If you don't explicitly specify training, validation, and test sets, the minimum number of sentence pairs to train a model is 1000. If you exceed 100,000 sentence pairs, AutoML Translation only picks 10,000 sentence pairs for validation and test sets each, respectively. Other sentence pairs are pushed to training set. In this case, you might have an unbalanced data split which can have an impact on your model. AutoML Translation provides a warning message but still allows training to proceed. If you choose to manually specify training, validation, and test sets, then validation and test sets can't exceed 10,000; otherwise, AutoML Translation rejects the import and returns an error.

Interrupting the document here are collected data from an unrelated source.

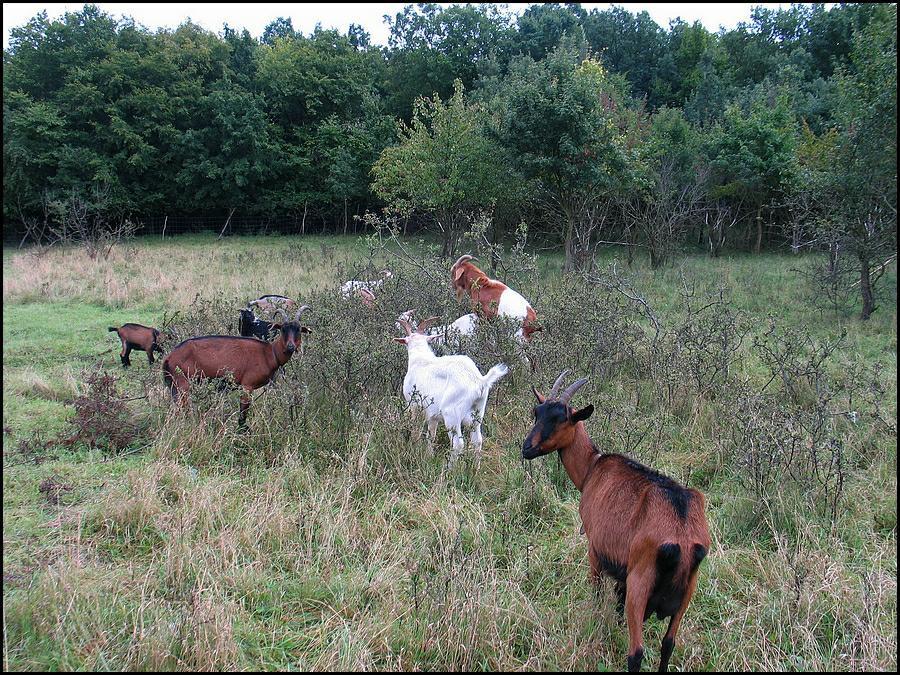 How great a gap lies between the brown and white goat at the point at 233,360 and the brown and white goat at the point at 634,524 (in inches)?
122

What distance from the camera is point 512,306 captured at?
7.85m

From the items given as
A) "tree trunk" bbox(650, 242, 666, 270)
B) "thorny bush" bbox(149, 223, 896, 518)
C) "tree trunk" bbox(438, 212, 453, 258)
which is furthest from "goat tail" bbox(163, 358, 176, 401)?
"tree trunk" bbox(650, 242, 666, 270)

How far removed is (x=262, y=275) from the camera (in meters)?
14.2

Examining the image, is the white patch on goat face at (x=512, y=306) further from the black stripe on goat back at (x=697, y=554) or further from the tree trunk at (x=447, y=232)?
the tree trunk at (x=447, y=232)

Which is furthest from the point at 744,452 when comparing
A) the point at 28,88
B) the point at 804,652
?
the point at 28,88

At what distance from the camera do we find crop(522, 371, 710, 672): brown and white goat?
2.60 metres

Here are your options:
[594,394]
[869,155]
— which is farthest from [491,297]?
[869,155]

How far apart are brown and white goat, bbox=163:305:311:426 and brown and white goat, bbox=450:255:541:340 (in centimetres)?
248

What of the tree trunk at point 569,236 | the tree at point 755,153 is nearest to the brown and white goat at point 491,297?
the tree trunk at point 569,236

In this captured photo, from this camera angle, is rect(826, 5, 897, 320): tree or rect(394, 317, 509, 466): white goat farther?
rect(826, 5, 897, 320): tree

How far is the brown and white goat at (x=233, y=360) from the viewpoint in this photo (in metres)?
5.61

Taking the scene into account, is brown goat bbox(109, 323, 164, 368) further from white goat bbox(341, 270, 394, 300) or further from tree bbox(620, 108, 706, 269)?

Sentence pairs are always de-duplicated across all imported sentence pairs. A sentence pair is a duplicate of another when their source sentence matches another source sentence. In addition, AutoML Translation doesn't allow you to import 2 file with same content being imported twice.

You must provide at least three sentence pairs for data labeled TRAIN. The maximum supported size of a dataset is 15M. The minimum number of sentence pairs used for VALIDATION or TEST is 100 each. The maximum number of pairs used for VALIDATION or TEST is 10,000;

Among multiple data imports of the same dataset, you can specify training/validation/test sets for one import and use automatic split for another.

Data is always re-balanced with respect to your manual division after each import and file deletion.

Tab-separated values (.tsv)

AutoML Translation supports tab-separated files, where each row has this format:

  • Source sentence tab Translated sentence

For example:

It's a beautiful day.\tEs ist ein schöner Tag.
Tomorrow it will rain.\tMorgen wird es regnen.

All text in a .tsv file must be plain text. If the text includes HTML tags or other markup, AutoML Translation treats the markup as plain text.

The tab-separated source data does not include language codes to identify the source and target languages. You identify the source and target language codes when you describe the model to be trained. AutoML Translation interprets the first segment as the source language, the second segment as the target. In the example above, the source would be English, and the target would be German. 

Translation Memory eXchange (.tmx)

Translation Memory eXchange (TMX) is a standard XML format for providing source and target translation sentences. AutoML Translation supports input files in a format based on TMX version version 1.4. This example illustrates the required structure:

<?xml version='1.0' encoding='utf-8'?>
<!DOCTYPE tmx SYSTEM "tmx14.dtd">
<tmx version="1.4">
  <header segtype="sentence" o-tmf="UTF-8"
  adminlang="en" srclang="en" datatype="PlainText"/>
  <body>
    <tu>
      <tuv xml:lang="en">
        <seg>It's a beautiful day.</seg>
      </tuv>
      <tuv xml:lang="de">
        <seg>Es ist ein schöner Tag.</seg>
      </tuv>
    </tu>
    <tu>
      <tuv xml:lang="en">
        <seg>Tomorrow it will rain.</seg>
      </tuv>
      <tuv xml:lang="de">
        <seg>Morgen wird es regnen.</seg>
      </tuv>
    </tu>
  </body>
</tmx>

The <header> element of a well-formed .tmx file must identify the source language using the srclang attribute, and every <tuv> element must identify the language of the contained text using the xml:lang attribute.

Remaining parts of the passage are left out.